And I'll bet not one of them was mad at OBL.
Like they said in the article...act first, ask questions later. Mistakes are deadly
The two Saudis, the database reported, were brothers and pilots who had attended the same Arizona flight school as 9/11 hijacker Hani Hanjour.
Rather explains why Canada wouldn't let them land and Jamaica wouldn't allow them through their airspace. Remember how Zacharias Moussaoui just wanted to learn how to fly a 747 without learning how to takeoff or land, but due to supid politically correct policies, the FBI wasn't allowed to search his hard drive before 9-11?
Ping! If you want on or off my aviation ping list, please contact me by Freep mail not by posting to this thread.
Nothing happened to the alleged terrorists.
The flight turned back to Amsterdam, where they were made to get off, then released, they probably caught the next flight to Mexico, which didn't fly over US airspace.
What you need to worry about now...is how the brothers will eventually get to the US. I'm betting they end up flying from Amsterdam to Rio (a straight shot with no overflight of the US). And they probably will take a Air Mexico flight from Rio to Mexico City. Their intention...cross the "unguarded" border and make their way to some airport in the southwest. I doubt very seriously that they intend to obtain tickets and actually fly a US airline. My bet is that they will eventually take over some larger FEDEX type plane and use that for their mission. The sophistication that the US has gained over the past two years probably shocks these guys...they used to just fly straight into the US...and now they can't even fly into Mexico (if they cross US airspace).
Sorry, this is what the article said:
"That is partly why Dutch and other European authorities, lacking direct proof of a crime or plot, decided not to detain the two Saudis. Yet even the Europeans aren't completely on the same page.

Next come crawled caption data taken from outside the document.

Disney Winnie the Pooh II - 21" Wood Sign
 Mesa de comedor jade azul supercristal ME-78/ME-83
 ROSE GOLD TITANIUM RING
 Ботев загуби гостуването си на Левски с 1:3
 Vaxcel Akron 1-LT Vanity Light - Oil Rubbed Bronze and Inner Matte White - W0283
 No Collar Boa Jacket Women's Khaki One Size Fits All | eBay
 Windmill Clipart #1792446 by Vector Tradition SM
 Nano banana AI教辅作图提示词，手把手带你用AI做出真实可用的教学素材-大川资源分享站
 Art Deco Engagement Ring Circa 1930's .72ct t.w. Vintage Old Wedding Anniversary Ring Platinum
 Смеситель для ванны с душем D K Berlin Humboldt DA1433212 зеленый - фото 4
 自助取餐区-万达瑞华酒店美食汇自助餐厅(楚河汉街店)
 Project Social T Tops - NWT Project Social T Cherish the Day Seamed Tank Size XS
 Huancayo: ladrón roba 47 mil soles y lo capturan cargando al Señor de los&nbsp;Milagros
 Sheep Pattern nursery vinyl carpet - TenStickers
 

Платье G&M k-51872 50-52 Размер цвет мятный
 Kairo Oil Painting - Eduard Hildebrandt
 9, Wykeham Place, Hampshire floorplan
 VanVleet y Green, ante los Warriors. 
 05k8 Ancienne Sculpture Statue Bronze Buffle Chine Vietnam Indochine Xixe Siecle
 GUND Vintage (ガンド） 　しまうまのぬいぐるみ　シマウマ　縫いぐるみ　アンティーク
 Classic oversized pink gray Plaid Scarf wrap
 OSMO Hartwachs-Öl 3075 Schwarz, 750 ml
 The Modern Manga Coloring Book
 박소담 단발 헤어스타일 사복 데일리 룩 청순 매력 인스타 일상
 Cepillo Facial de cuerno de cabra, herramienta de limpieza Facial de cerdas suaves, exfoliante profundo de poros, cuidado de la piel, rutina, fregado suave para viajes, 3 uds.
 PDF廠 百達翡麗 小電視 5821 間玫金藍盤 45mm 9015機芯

Officials with Dutch and U.S. intelligence say that after the two men arrived back in Amsterdam, they flew to London, where they were refused entry. Then they flew back to the Netherlands, where they were under surveillance before returning on their own to Saudi Arabia."
"U.S. officials fear that Latin America, and more particularly Mexicowith its porous U.S. bordermay become a staging ground for Al Qaeda."
Oh really? Ya' think? Glad they 'fear' so much. SARCASM ON
"Thank God they were not terrorists afterall, or they would have been arrested."
I trust you are being sarcastic -- you should read the article. They seem to have all kinds of AQ connections.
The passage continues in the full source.